English    Türkçe    فارسی   

3
3965-3989

  • Allah’ın lütfu, onun yüzünü bu âleme çıkacağı tarafa döndürür, o yine büzülüp ana karnına sokulur. 3965
  • Bu şehirden, bu yurttan dışarı çıkarsam acaba bir daha burasını görebilir miyim?
  • Rahimde bir kapı olsaydı da o havası ufunetli şehir görünseydi.
  • Yahut da bir iğne yordamı kadar delik bulunsaydı da dışarısını bir görseydim der!
  • Ana karnındaki çocuk da rahmin dışında bir âlem olduğundan gafildir, o da Calinus gibi nâmahremdir.
  • Bilmez ki rahimdeki yaşlıklarda dışarıdaki âlemin feyziyledir. 3970
  • Dünyadaki dört unsur da kendilerine Lâmekân âleminden yüzlerce yardım geldiğini bilmezler.
  • Kuş, kafeste su ve tane buluyor ama su da kafesin dışındaki bağdan, bahçeden gelmede, tane de!
  • Peygamberlerin canları bu âlemden göçer, bu âlemden kurtulurken o bağı, o bahçeyi görür de
  • Bu yüzden onlar, Calinus’a da aldırış etmezler, âleme de… Ay gibi göklerde doğar, göklere ışık saçarlar.
  • Eğer bu söz, Calinus’a iftira ise cevabım Calinus’a değil… 3975
  • Bunu söylemiş olan kişiye. Çünkü bunu söyleyen nurlarla dolu gönle eş olmamıştır.
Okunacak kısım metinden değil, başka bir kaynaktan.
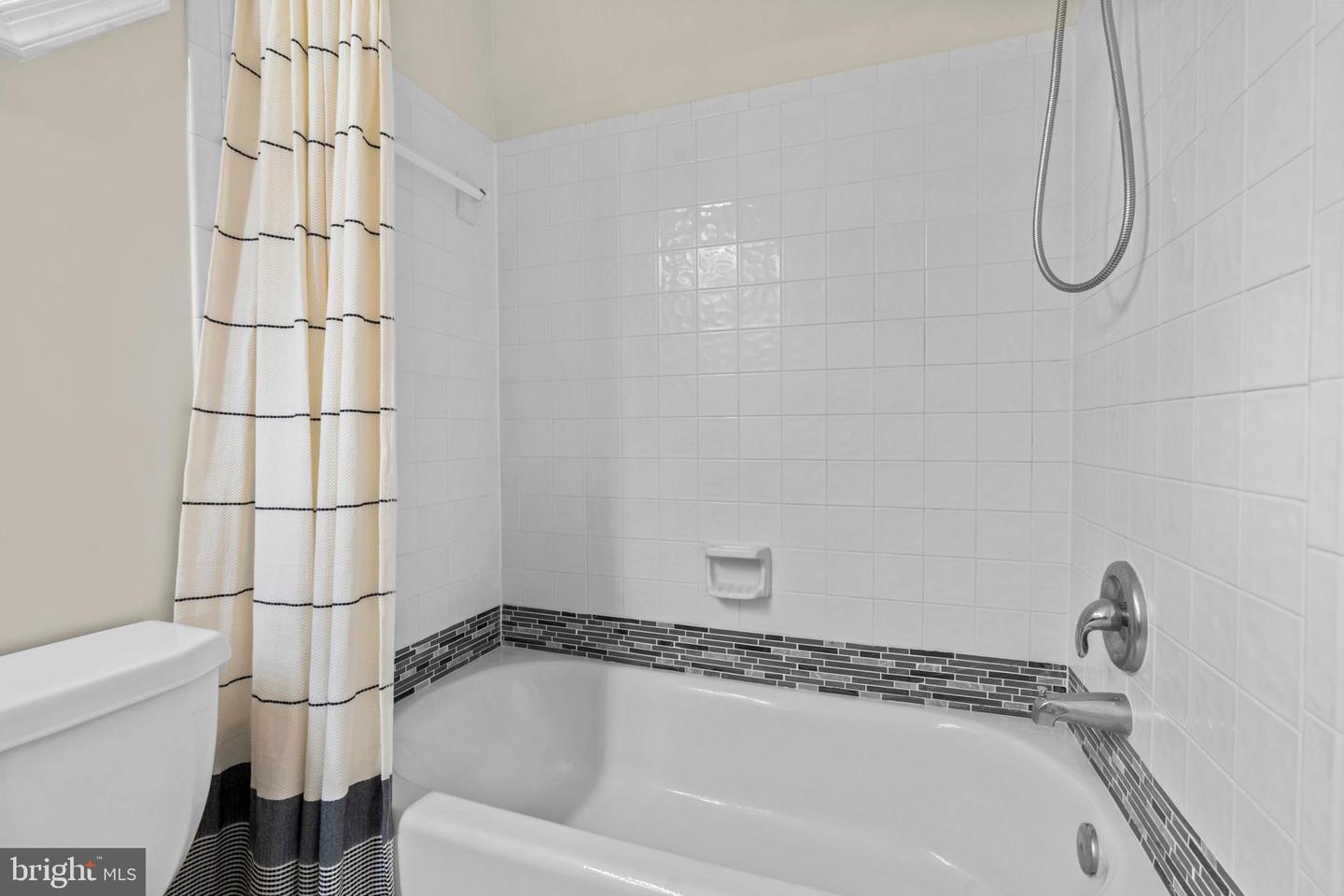 8160 RIDGE CREEK WAY, SPRINGFIELD, Virginia 22153, 4 Bedrooms Bedrooms, ,3 BathroomsBathrooms,Residential,For sale,8160 RIDGE CREEK WAY,VAFX2256658 MLS # VAFX2256658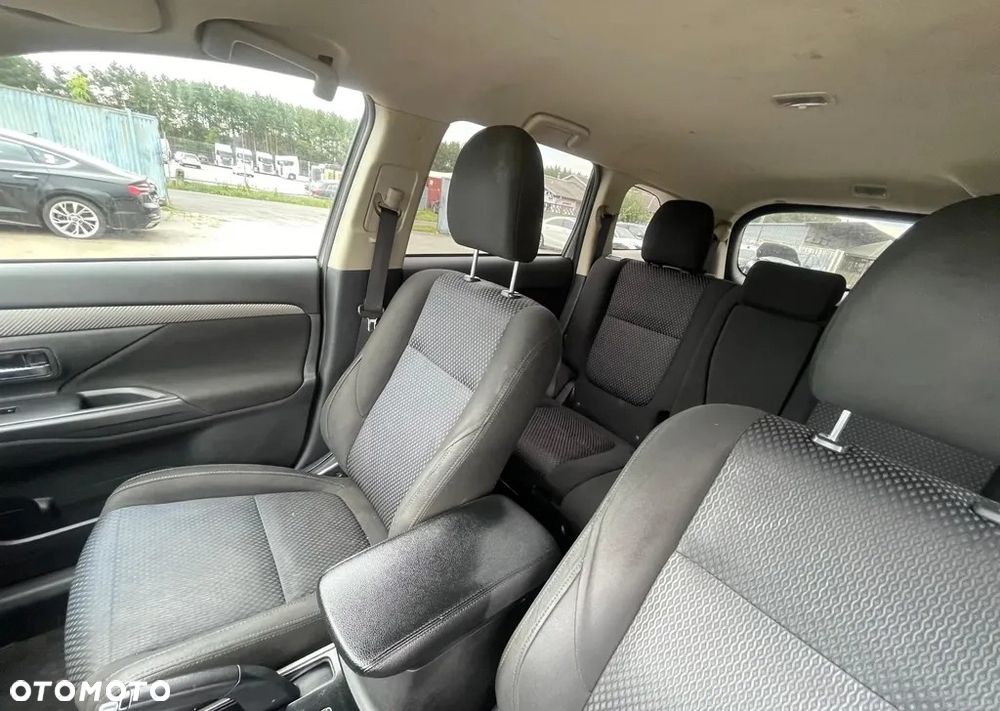Mitsubishi Outlander 2.4 4WD CVT Instyle - 11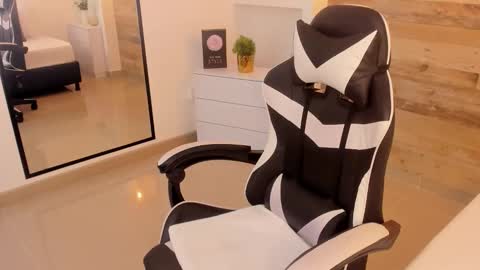 CANDY online show from 03/19/26, 08:24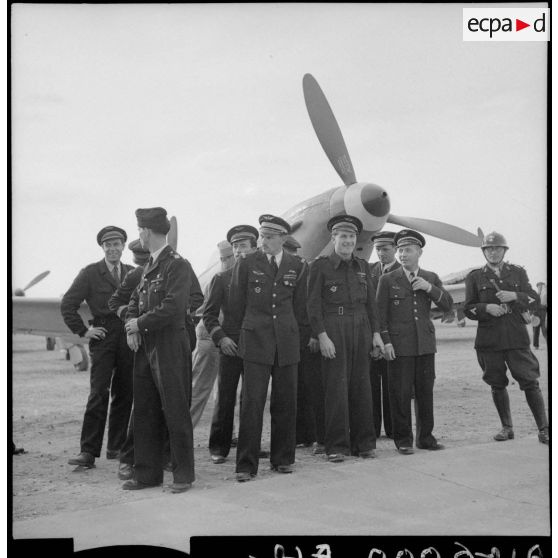 Officiers pilotes français du régiment de chasse Normandie-Niémen, sur l'aéroport du Bourget.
  • Can kuşu, kedilerden “ Hele durun bakalım” sesini duyunca delik arayan fareye dönmüştür.
  • O yüzden canı, fare gibi bu dünya deliğini vatan tutmuş, yurt edinmiştir.
  • Bu delikte yapılar yapmaya girişmiş, bu deliğe lâyık bilgilere sahip olmuştur.
  • Ona bu delikte yarayacak onu burada yüceltecek sanatları seçti de diğerlerini bıraktı. 3980
  • Çünkü dışarı çıkmadan ümidini kesti, bedenden kurtulma yolu kapandı.
  • Örümcekte Anka tabiatı olsaydı tükürüğüyle çadır kurar mıydı hiç?
  • Kedi pençesini kafese de atar. Pençesinin adı derttir, elemdir, ıstıraptır.
  • Kedi ölümdür, pençesi de hastalık, kuşu da, kuşun kanadını da pençeler.
  • Kuş, bucak bucak ilâç bulmaya koşar. Ölüm kadıya benzer, hastalık şahide. 3985
  • Bu şahit, kadıdan gelen adam gibidir. “Gel kadı, seni mahkemeye istiyor” der.
  • Ondan kaçıp kurtulmak için bir mühlet istersin. Verirse ne âlâ… Vermezse “Olmaz, hadi kalk” diye emreder.
  • Mühlet istemen, mühlet alman ilâçlardır, tedavidir. Âdeta ten hırkasını yamalarla yamarsın!
  • Fakat nihayet bir sabah kızgın bir hale gelir. “ Bu mühlet niceye bir sürecek? Utan artık!” der.